-- INFORMATION SUPPLIED follows --

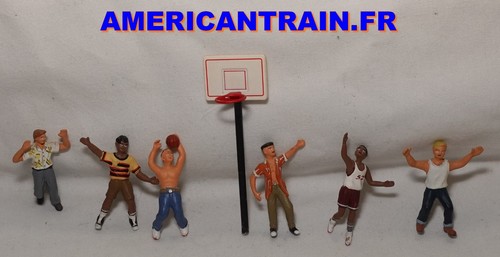 Figurines joueurs de basket - «,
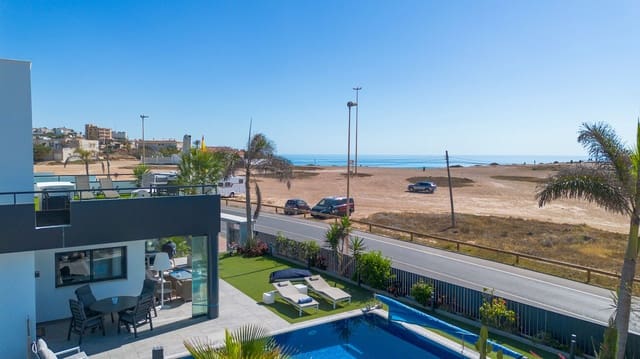 4 soverom Villa til salgs i Los Frutales, Torrevieja med svømmebasseng garasje - € 895 000 (Ref: 10144415)
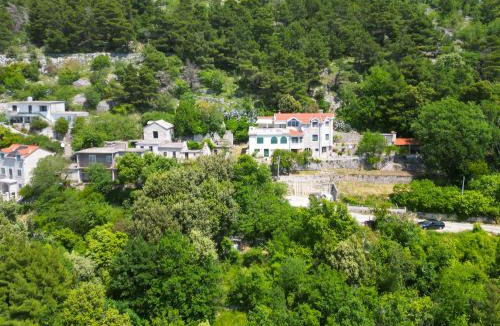 Bast Villa | House Charlie With Jacuzzi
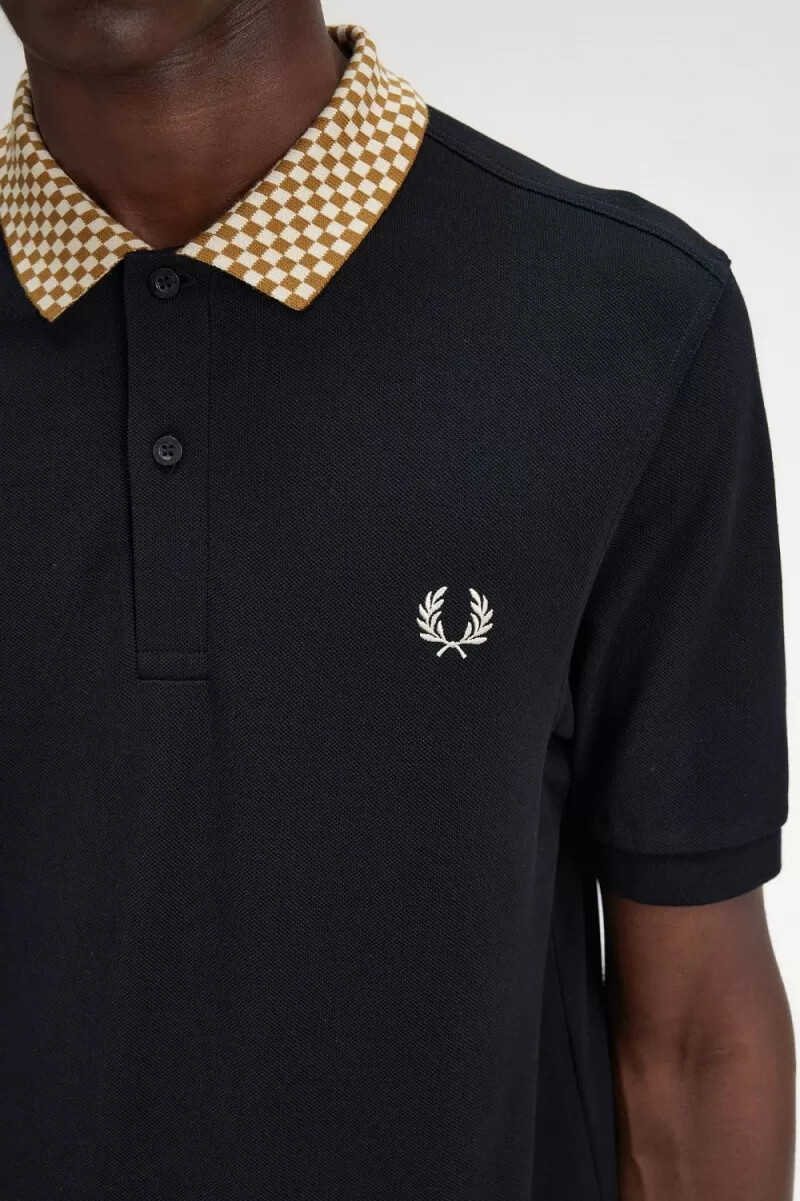 polo da uomo fred perry con colletto a scacchi nera
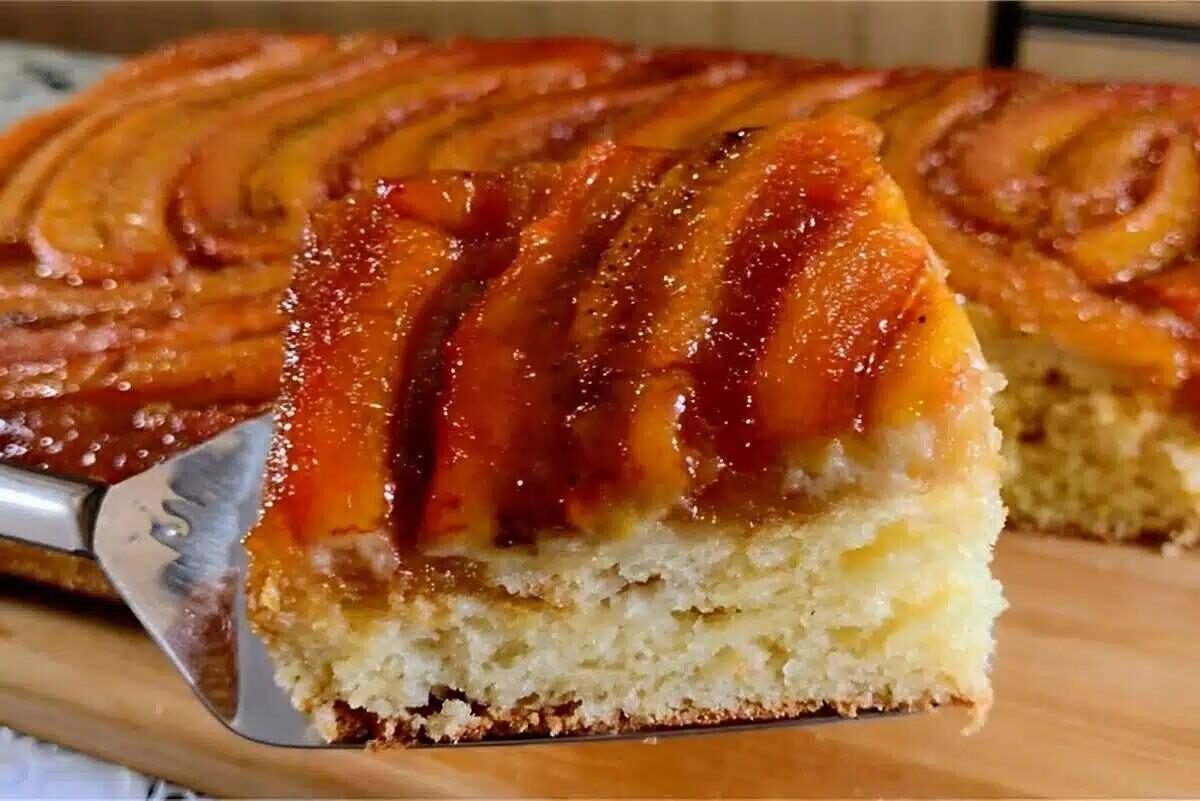 bolo de banana caramelada de liquidificador Bolo de banana caramelada de liquidificador delicioso e perfeito para o lanche da tarde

-- INFORMATION SUPPLIED concluded --

_EXERCISE_: Your answer must consist of the entries, unchanged, with no pictures in it.

_RESPONSE TO THIS TASK_:
 Figurines joueurs de basket - «,
 4 soverom Villa til salgs i Los Frutales, Torrevieja med svømmebasseng garasje - € 895 000 (Ref: 10144415)
 Bast Villa | House Charlie With Jacuzzi
 polo da uomo fred perry con colletto a scacchi nera
 bolo de banana caramelada de liquidificador Bolo de banana caramelada de liquidificador delicioso e perfeito para o lanche da tarde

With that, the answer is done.